Task to complete => Each record here should be printed again exactly; please leave its pictures out.

==*==

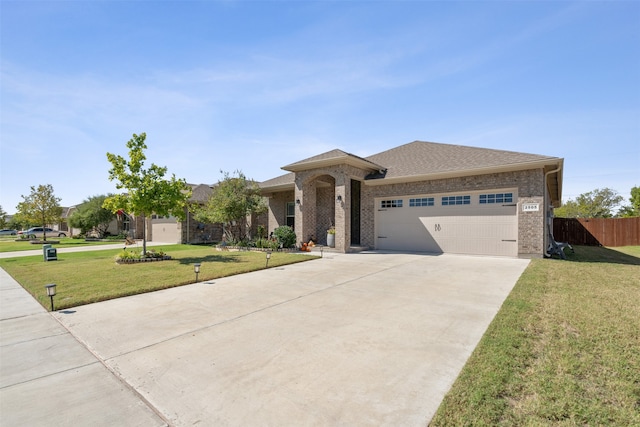 prairie-style house with a front lawn and a garage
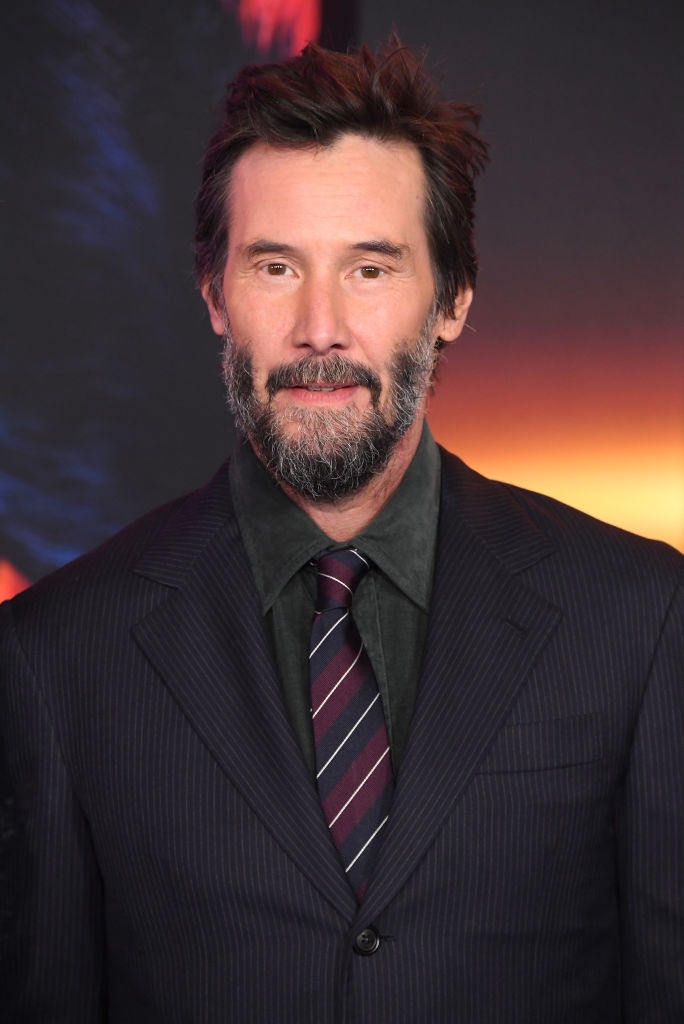 A man in a pinstripe suit and tie with a beard stands against a blurred background on a red carpet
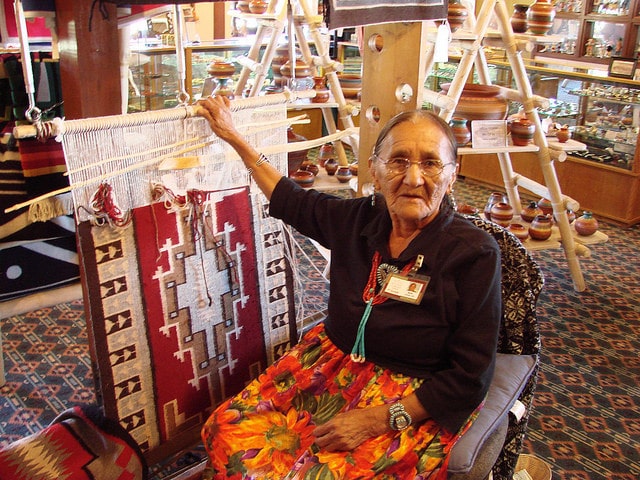 Elderly Navajo women making a rug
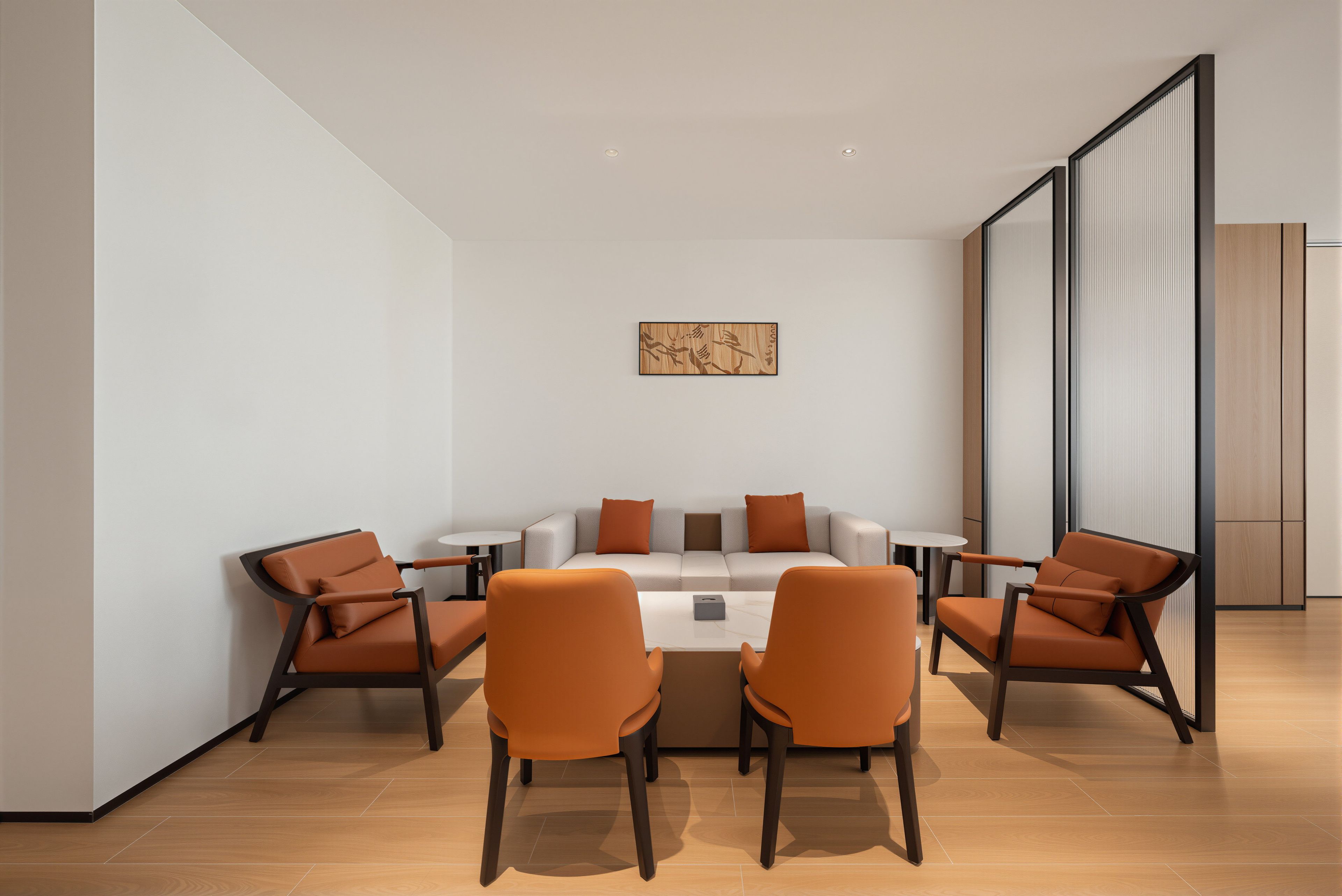 A modern meeting room with a round table, six chairs, and a minimalist decor.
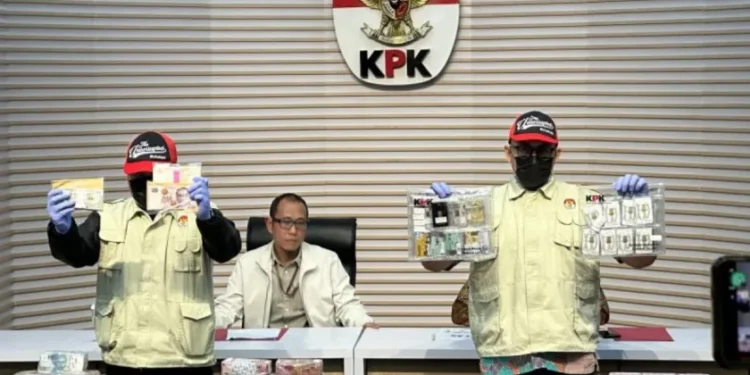 Dua petugas KPK memperlihatkan uang dan barang bukti lain dalam konferensi pers di depan lambang KPK, dengan sejumlah bundel uang di atas meja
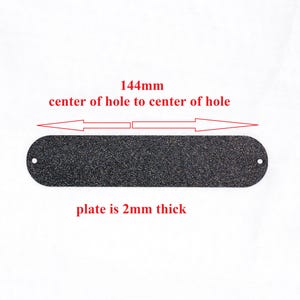 May include: A black, rectangular plate with rounded ends and a textured surface. The plate is 2mm thick and has two holes. The distance from the center of one hole to the other is 144mm.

==*==

The answer =>
 prairie-style house with a front lawn and a garage
 A man in a pinstripe suit and tie with a beard stands against a blurred background on a red carpet
 Elderly Navajo women making a rug
 A modern meeting room with a round table, six chairs, and a minimalist decor.
 Dua petugas KPK memperlihatkan uang dan barang bukti lain dalam konferensi pers di depan lambang KPK, dengan sejumlah bundel uang di atas meja
 May include: A black, rectangular plate with rounded ends and a textured surface. The plate is 2mm thick and has two holes. The distance from the center of one hole to the other is 144mm.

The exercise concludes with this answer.